The Dáil public accounts committee yesterday called for the Siptu bank account to be frozen and for any public funds in the account to be returned to the exchequer once inquiries into it were completed.

However, Siptu president Jack O’Connor last night said the bank account was frozen when the union took control of it in August. “It goes without saying that any public funds in the account should and will be returned to the exchequer,” he said.

Mr O’Connor said that this was in addition to the commitment the union gave last week that it would “find a way of addressing” the issue of more than €340,000 in expenses reimbursed by the HSE to a union official if it was found they had not been properly vouched.

Mr O’Connor declined to say how much remained in the bank account. He said this information was privileged until the outcome of an inquiry being carried out by Siptu’s trustees was known. Mr O’Connor also said the union would appear before the public accounts committee if invited to do so.

At a meeting yesterday, the committee said it would invite six individuals, named at a previous hearing into the controversy, to give evidence.

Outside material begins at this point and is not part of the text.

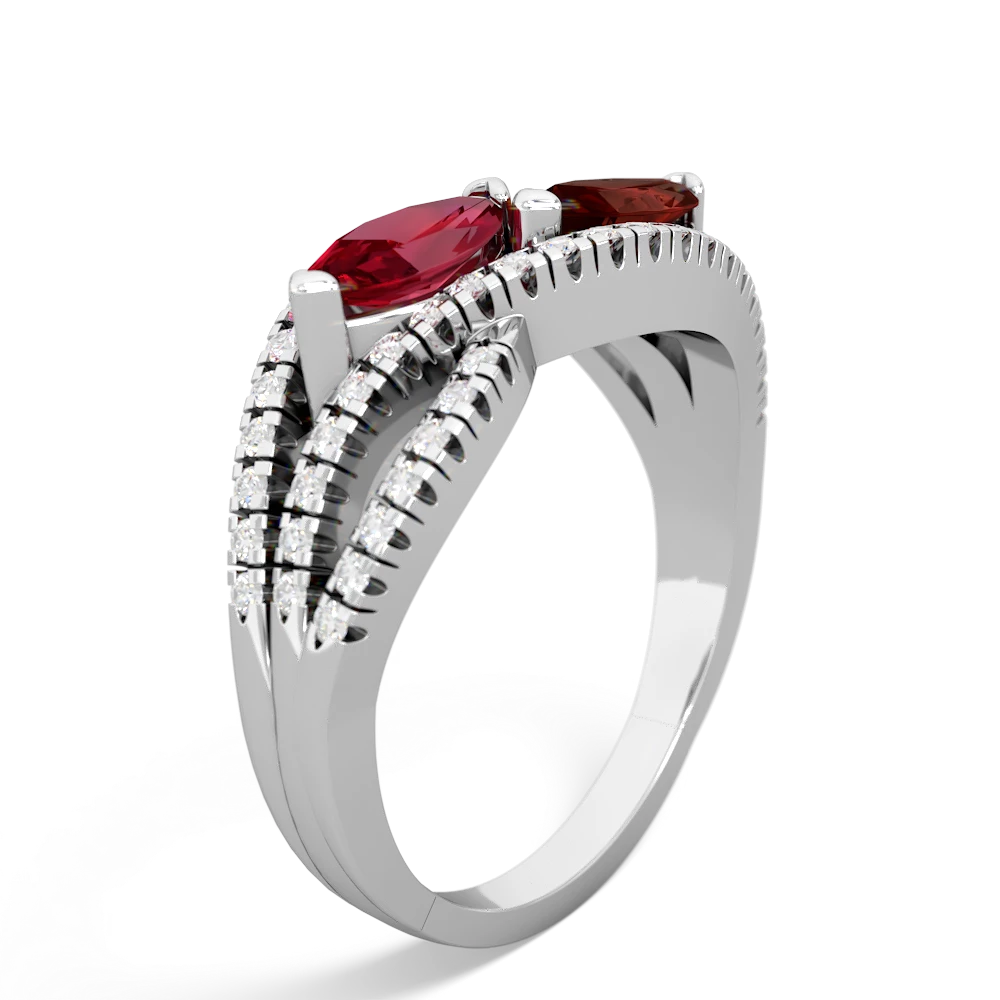 Lab Ruby Diamond Rivers 14K White Gold ring R3070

It said letters would be sent to retired general manager of Skill Alan Smith, trustees of the bank account Matt Merrigan and Jack Kelly, chairman of the Skill steering group Bill Atlee; retired finance official Tom Dowling and retired Department of Health official Frank Ahern.

Meanwhile, it has emerged that the Department of Finance has challenged aspects of the report drawn up by the HSE on foreign trips.

The department said in a letter to the committee that its records show one of its officials had been “keyed in” to its offices in Dublin at a time when the HSE document suggested he was taking part in trips to the US in 2005, 2006 and 2007.